I just finished reading a great book on using Evernote in the classroom. Nicholas Provenzano just released a book called The Complete Guide to Evernote in Education*. If you are an educator, you will want to read this book for not only ideas for leveraging Evernote in the classroom but also for his justification.
The book is a very quick read and only available in digital format. Throughout the book, Provenzano provides countless personal stories how he uses Evernote as well as clear instructions for implementation. He explains he wrote the book on Evernote to include annotating the images.

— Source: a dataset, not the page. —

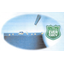 Nanotechnology Super Water-Repellent Coating Material 【Ultra Ever Dry】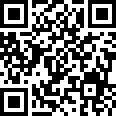 QRコード https://mirunuku.net/?cid=mdp113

I picked up the book because I am always on the lookout for useful ways to use Evernote. Provenzano was able to provide examples in an area for which I am not totally experienced – public school teacher. In his book, he explains how teachers, administrators, staff, and students can benefit from Evernote. He stresses three main concepts over and over as he provides examples:
- Evernote can be used on any device, anywhere: Laptop, desktop, iPad, tablet, smartphone, etc. and any operating system; Mac, PC, and Linux.
- Notes can be created in countless ways to include text, Web, images, audio, etc.
- Notes can be organized, shared, and found rapidly.
Provenzano highlights a number of great tools that can be used with Evernote from document scanners to Web clipping tools. Each of the tools helps develop a paperless classroom that is better organized and friendlier to the environment and pocketbook.
Provenzano points out that Evernote can be used to support any class regardless of subject. He backs up his claim by providing great examples for math, music, and even physical fitness.
Evernote is a great tool for lifelong anything. Students can be lifelong learners because their class notes will be available throughout their life… instead of discarded at the end of the year. Teachers will be lifelong educators because they will have their lessons always available for immediate update wherever they are… instead of having to sort through filing cabinets and binders.
As an e-portfolio tool, Evernote with its capabilities may be the key. Teachers, students, and staff can curate work samples and be able to easily share them with future employers.
Finally, Provenzano points out the benefits of being able to share notes and notebooks with the public, fellow teachers, students, administrators as the need arises. How fast can you find and share a paper document you have stored in a binder in your office on this winter break? Collaboration becomes much easier, and Provenzano provides insight into how to do it.
Are you an educator? Have you heard about Evernote but are still on the fence? I would recommend that you take a look at this book.
How are you using Evernote? I would like to know.